My son, I still cherish that title so dearly, is an alumni of an executive drug rehab. He was a pain pill addict.
For years, I considered my son a successful, achieved individual. He was someone I was extremely proud of, someone to look for as a source of inspiration. I had blinders on, “rosy glasses” as they say. Today, I am still proud of him. I am just proud for different reasons, reasons that I never imagined myself saying (or writing) out loud. My son is a recovering addict.
He is two years sober and I am still getting used to saying those words. I guess we all learn at our own pace, right? I guess we all let go of our own levels of denial at different rates as well.
Our story is an interesting one –or at least that is what the counselors have told us, separately and on different occasions at different therapy sessions. When I gave my son up for adoption, 33 years ago, I never thought we would ever be reunited but, by chance, we were reunited five years ago. Moreover, I never thought that I would be visiting him in an executive drug rehab many years later.
I guess it was not entirely chance. Fate might be a more appropriate adjective.
I was close friends with his adoptive mother. However, I did not know she was his adoptive mother. I had chosen a closed adoption all those years ago. I was too ashamed of my financial inability to provide for him so I made the difficult decision to let him go so that he would be raised by a family that would not only love but also be able to adequately provide for him.
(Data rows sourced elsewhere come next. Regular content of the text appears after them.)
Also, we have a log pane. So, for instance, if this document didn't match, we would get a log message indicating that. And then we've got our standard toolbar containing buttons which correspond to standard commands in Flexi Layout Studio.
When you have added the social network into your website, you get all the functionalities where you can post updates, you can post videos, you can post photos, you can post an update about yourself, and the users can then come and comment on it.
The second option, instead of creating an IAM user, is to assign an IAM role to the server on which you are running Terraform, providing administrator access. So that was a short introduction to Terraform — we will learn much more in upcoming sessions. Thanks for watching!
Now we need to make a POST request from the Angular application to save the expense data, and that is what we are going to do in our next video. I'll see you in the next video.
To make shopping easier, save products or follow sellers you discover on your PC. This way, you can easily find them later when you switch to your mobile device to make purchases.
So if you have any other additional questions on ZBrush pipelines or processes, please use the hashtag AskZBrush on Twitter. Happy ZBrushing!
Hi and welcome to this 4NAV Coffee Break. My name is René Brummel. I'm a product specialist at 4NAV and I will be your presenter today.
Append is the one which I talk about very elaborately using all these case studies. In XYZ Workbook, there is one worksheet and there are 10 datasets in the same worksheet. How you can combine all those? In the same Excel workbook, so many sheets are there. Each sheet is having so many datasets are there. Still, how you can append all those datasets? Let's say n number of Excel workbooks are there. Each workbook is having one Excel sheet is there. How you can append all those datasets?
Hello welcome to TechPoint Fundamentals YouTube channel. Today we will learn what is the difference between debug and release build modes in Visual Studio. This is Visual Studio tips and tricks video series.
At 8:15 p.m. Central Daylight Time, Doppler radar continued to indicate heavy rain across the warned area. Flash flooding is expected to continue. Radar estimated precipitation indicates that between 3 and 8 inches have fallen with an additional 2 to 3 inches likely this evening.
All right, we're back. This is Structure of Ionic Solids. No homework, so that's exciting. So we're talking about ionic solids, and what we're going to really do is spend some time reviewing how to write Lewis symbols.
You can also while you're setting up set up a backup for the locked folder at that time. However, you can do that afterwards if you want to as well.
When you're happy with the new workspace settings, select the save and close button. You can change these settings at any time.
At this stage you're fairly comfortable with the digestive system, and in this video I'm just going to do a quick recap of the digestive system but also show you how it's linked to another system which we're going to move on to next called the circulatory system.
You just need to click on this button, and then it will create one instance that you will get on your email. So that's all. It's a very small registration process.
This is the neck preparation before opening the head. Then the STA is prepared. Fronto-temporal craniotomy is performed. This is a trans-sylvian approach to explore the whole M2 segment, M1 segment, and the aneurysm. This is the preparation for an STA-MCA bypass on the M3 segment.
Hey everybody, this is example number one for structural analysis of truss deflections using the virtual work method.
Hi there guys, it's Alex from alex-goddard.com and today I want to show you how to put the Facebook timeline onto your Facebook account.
Five years after I had given my son up for adoption, I met Jane. She was a new hire at my office. It was many years later, after we had grown to be close friends, that Jane told me her son had been adopted. I had always known that she had a son, Tom, who was about my son’s age, but I never considered that Jane and Jim were his adoptive parents! Not in my wildest dreams could I have envisioned watching my son be raised from afar, having given him up in a closed adoption!
It is truly a movie-script type of story.
It was a day that I will never forget. Jane could barely keep her composure at work, bursting into tears every hour or so. I asked her what was wrong. She told me that Tom was diagnosed with Leukemia and was in need of a bone marrow transplant. I asked her why she spoke with such finality when she and her husband could be tested to be donors. She explained that she and her husband had adopted Tom when he was an infant and that they had already been tested on the off-chance that they would be matches for Tom and neither of them were able to donate their bone marrow.
As a gesture of solidarity and support, I went to get tested the next day — without telling Jane. I did not want to give her false hope when I knew it was, scientifically, a long shot. Well, I was a match! We went through with the procedure and thankfully, everything was a success. A few months later, Tom was pronounced well and cancer-free! Everyone could not have been happier.
Except, Tom had some questions. Knowing that he was adopted, he found it more than a little coincidental that one of his mother’s closest friends could be a perfect match to him. He ran some secret tests of his own and found out that he was indeed my biological son. He later confronted me and I was completely stunned! I thought that it couldn’t be true. How could my son be growing up in such close proximity to me? I had always assumed that he had grown up far away and I would never be afforded the opportunity of meeting him. And, here, he was in front of me the whole time! We ran tests again to be sure before breaking the news to Jane and Jim.
As the years went on, Tom and I built a friendship. We got closer. I explained the reasons why I had decided on a closed adoption. He forgave me. I watched him graduate from law school. It is still hard to believe how blessed I am to have been given that second chance.
Years later, Tom developed an addiction to prescription pain medicine. As a high energy, always-on-the-go, anxious lawyer and junior partner at his firm, he found that the pain pills were the only thing that could slow him down, calm him down enough to complete his day.
I found bottles and bottles of pills in his bathroom one evening. It was my turn to confront him. He admitted that he had been using. He promised me that he was going to stop. I told him that he would need help quitting. He couldn’t do it alone. I researched his options while keeping his addiction confidential from my dear friends. After stumbling across an executive drug rehab website, I explained this as an option to Tom. I offered my love and support, judgment-free. I encouraged him to consider it. Eventually, I convinced him to go to the executive drug rehab where his position at the law firm did not have to be compromised. He spent 90 days at the executive drug rehab and two months into his recovery, he was made a senior partner.
Today, I am proud of my son. There is a laundry list of reasons. I am proud of his ability to survive cancer. I am proud of his determination and work ethic — I wish I could claim responsibility for that — that helped him finish law school. I am proud that he became a junior partner, and eventually a senior partner at his law firm — and at less than 30 years of age! I am proud that he agreed to get help when he checked himself into an executive drug rehab. I am proud that he completed the entire executive drug rehab program. I am proud that he has retained his sobriety.
I never imagined, at 53 years of age, I would be saying any of those things, including this: executive drug rehab is the best thing that ever happened to my son. His life was saved — a second time!